Somalia operations come under post-9-11 authorization
The Obama administration has decided to deem the Shabaab to be part of the armed conflict that Congress authorized after 9-11, officials say. The move is intended to shore up the legal basis for an intensifying campaign of air-strikes and other operations, carried out largely in support of African Union and Somali government forces. (NYT, Nov. 27)
In the latest presumed Shabaab attack, a car bomb has killed at least 11 people, and injured another 16, when it exploded at a police checkpoint next to a busy market in Mogadishu. (Al Jazeera, Nov. 26)

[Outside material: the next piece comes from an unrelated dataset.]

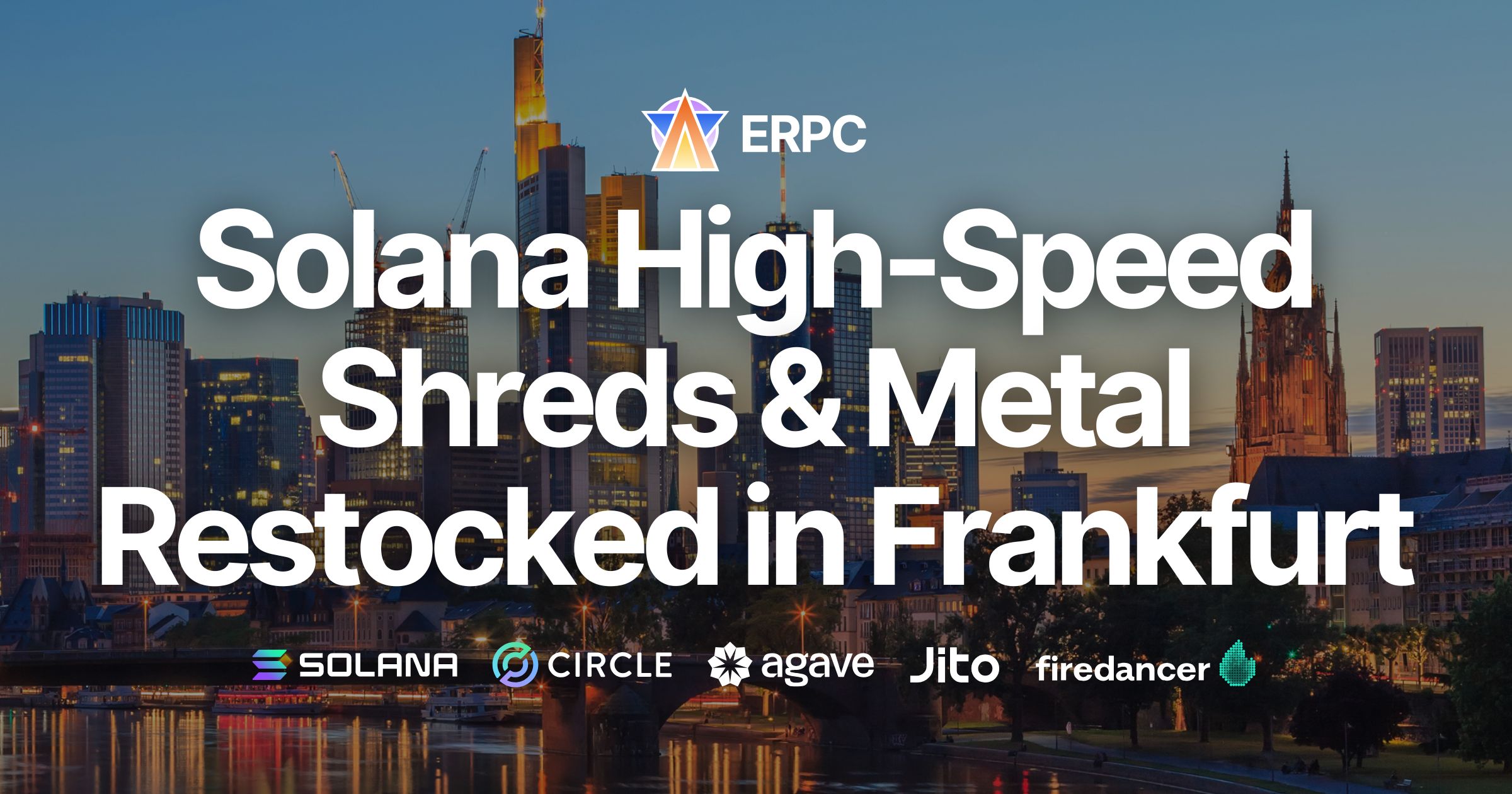 ERPC Restocks Highly Popular Solana Dedicated ShredStream and High-Clock Metal Servers in Frankfurt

In an embarassment for the White House, the Pentagon was forced to admit earlier this month that a drone strike on what was thought to be a Shabaab position actually killed 10 fighters from a US-backed militia in Galmadug state. The incident sparked anti-US protests in Galmadug. (Somalia Review, Nov. 11; WP, Nov. 10)
More terror in Mogadishu
A presumed Shabaab suicide car bomber struck the entrance of Mogadishu's largest port and an adjacent police complex, killing at least 29 and wounding some 45. (Al Jazeera)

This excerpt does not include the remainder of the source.